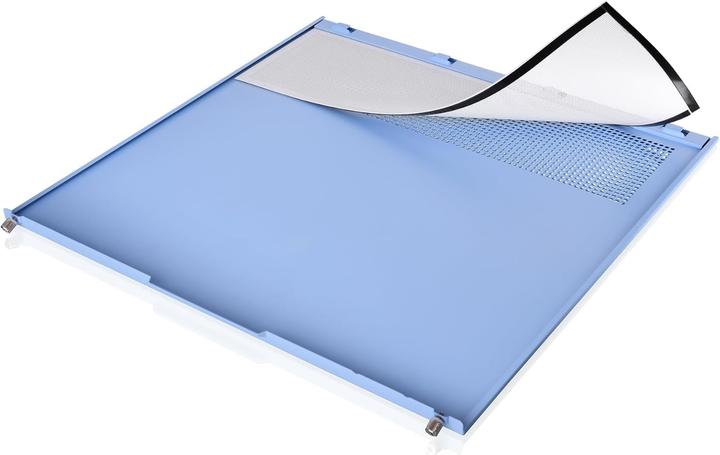 Actual product image Thermaltake View 270 Plus TG ARGB (E-ATX, Mini-ITX, mATX, ATX)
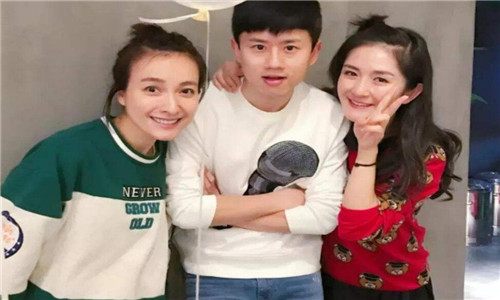 谢娜张杰吴昕,谢娜张杰和吴昕视频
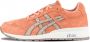 ASICS GT-Quick sneakers Zwart - Thumbnail 1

.....

What the task asks: From the line that contains "谢娜张杰吴昕,谢娜张杰和吴昕视频" through the last line of the listing, copy each line exactly; both end lines stay in, and pictures stay out.

Written solution:
 谢娜张杰吴昕,谢娜张杰和吴昕视频
 ASICS GT-Quick sneakers Zwart - Thumbnail 1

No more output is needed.